High-school girls with bare midriffs and low-slung jeans are starting to look old-fashioned. I recently saw one walking through the Montreal Trust shopping concourse in a tee-shirt that said, "I’d fcuk me," the centre word coyly misspelled.
My point here is not to denounce such displays. Rather, it’s to express puzzlement why it’s girls at the other end of the range who are stirring controversy - that is, girls who wear hijabs and other forms of conservative clothing.
You’d almost think that modesty is the new taboo.
It’s far-fetched to think there’s something unsporting or unsafe about wearing cloth under one’s tae kwon do helmet, which was the grounds cited by tournament officials in invoking the seldom-enforced rule. It’s equally absurd to think a hijab presents a danger in soccer, which was the reason for disallowing an 11-year-old Muslim girl from competing in a Quebec athletic contest.
Of course, safety isn’t the real issue. The real issue is that many well-meaning non-Muslims tend to see the hijab as a symbol of patriarchical Muslim culture’s control of women. By resisting the hijab, many people feel they are resisting oppression of women. They think they’re being progressive.

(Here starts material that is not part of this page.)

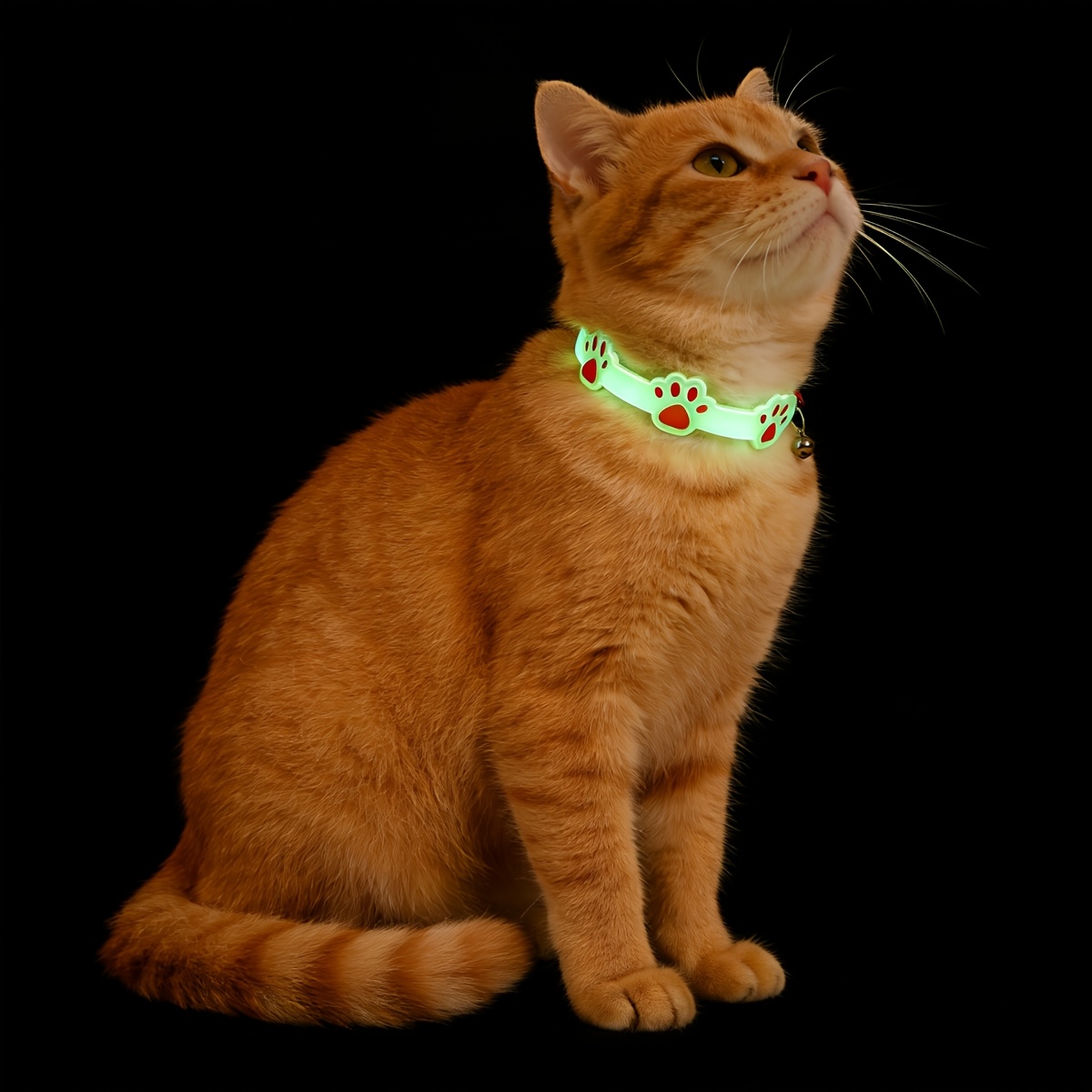 Dog Muzzle Silicone - 2pcs Glow-In-The-Dark Pet Collar | Paw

But it’s not quite that simple. An insightful book on the hijab, The Muslim Veil in North America, published by Women’s Press, notes that older Muslim women here seldom wear the hijab. For younger women, the headgear can be "empowering and in some contexts even subversive." How can that be ?
The book observes that many young Muslim women in Canada come from immigrant families that frown on them staying out at night, socializing with non-Muslims, playing sports, pursuing higher education or striving to have professional careers. For such young women, adopting the hijab is often a signal to their families that they respect religious values but that they will pursue such unconventional activities nonetheless.
Paradoxically, then, the old-fashioned headgear is a licence to become modern.
Though published in Toronto, the book is largely about Montreal and was edited by three McGill and Concordia academics - Sajida Sultana Alvi, Homa Hoodfar and Sheila McDonough. Their book makes the point that a woman who covers her hair and wears unrevealing clothing can also be trying to be seen as "a ’person’ rather than an object of male scrutiny."
Hey, isn’t this what feminism is all about ? Careers. Not being seen as a sex object.
As well, please note that the martial-arts sport of tae kwon is one of the most assertive sports around. Did you see these slight Muslim girls’ moves on TV the other night ? They were whirling, delivering side kicks, roundhouse kicks and jump, spin and skip kicks. Astonishing. Forget the stereotype of the meek, passive Muslim females.
Come on, Quebec, lighten up.
The burning bra might have been a symbol of feminism a generation ago. Today, it’s the hijab.